▶ _Task description_:
Quote the material exactly from the line that contains "Pánské pivní tričko" through its last line. Any pictures are to be left out.

━━━ Data below ━━━

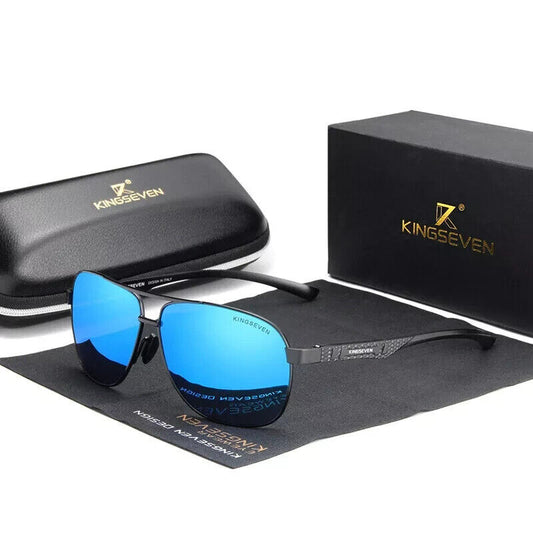Polarized Aviator Sunglasses – Anti-Glare, Scratch-Resistant, Rugged Build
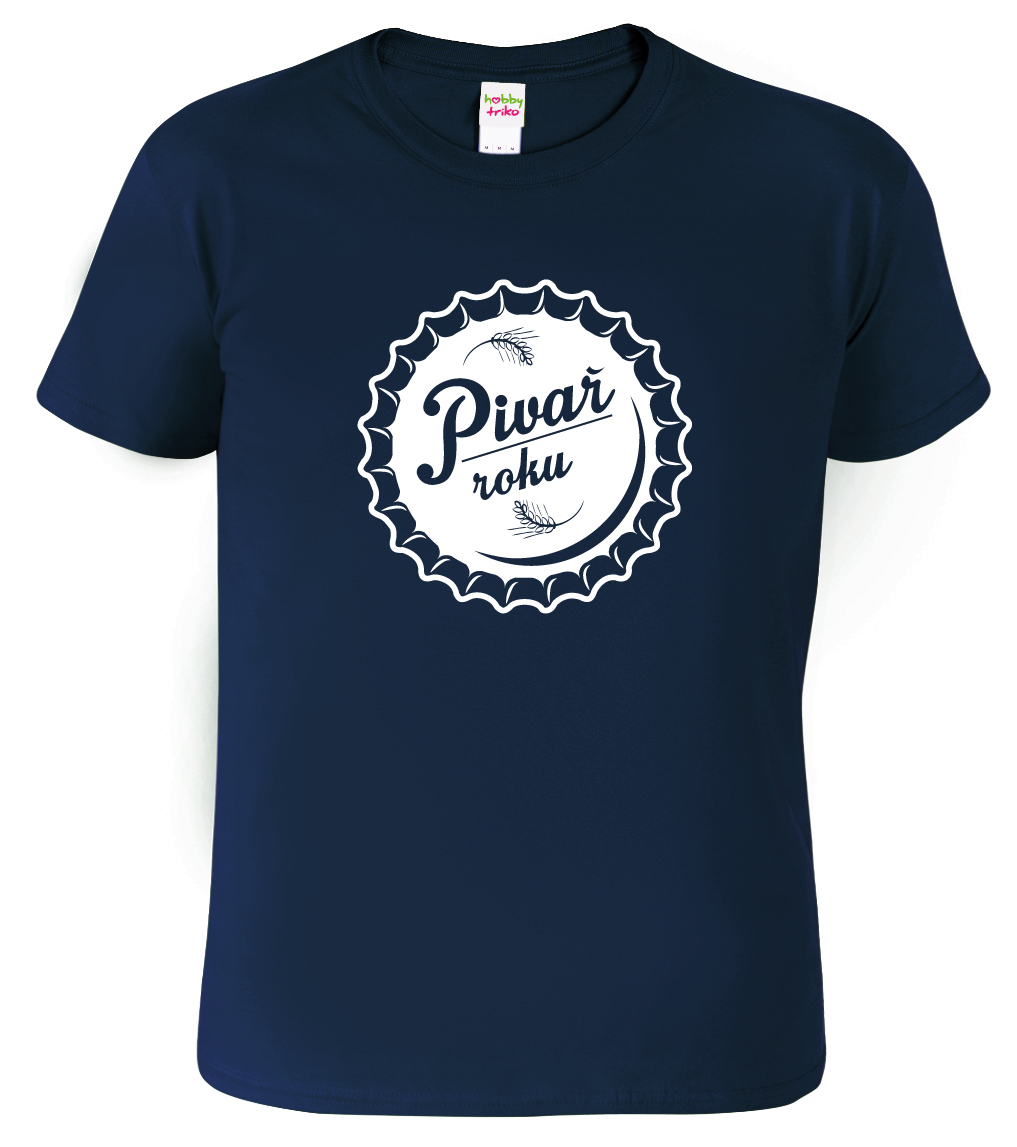 Pánské pivní tričko - Pivař roku Barva: Námořní modrá (02), Velikost: XL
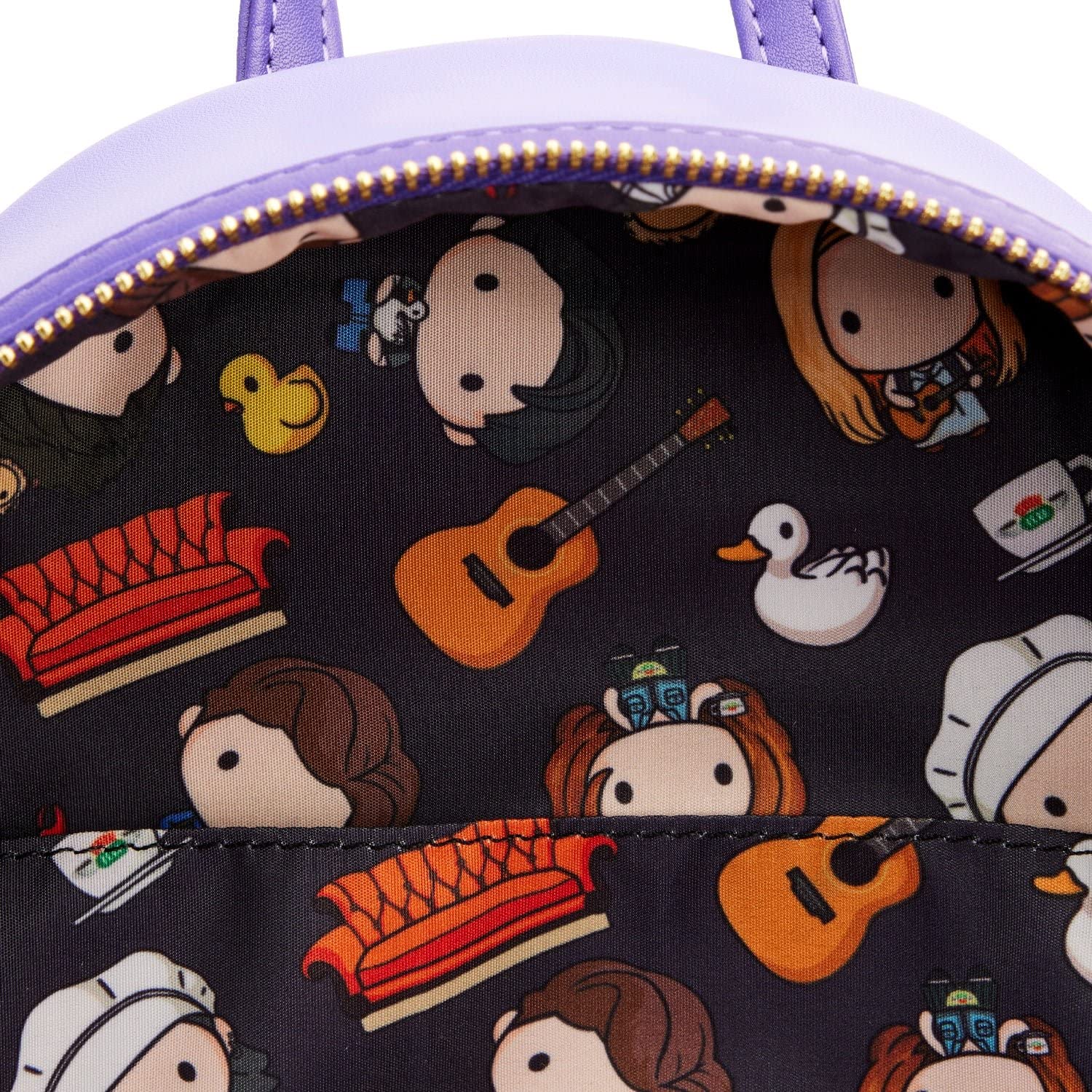 Foto 8 pulgar | Bolso De Hombro Loungefly Friends Tv Series Front Door Chibi Art - Venta Internacional.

━━━

▶ _Worked solution_:
 Pánské pivní tričko - Pivař roku Barva: Námořní modrá (02), Velikost: XL
 Foto 8 pulgar | Bolso De Hombro Loungefly Friends Tv Series Front Door Chibi Art - Venta Internacional.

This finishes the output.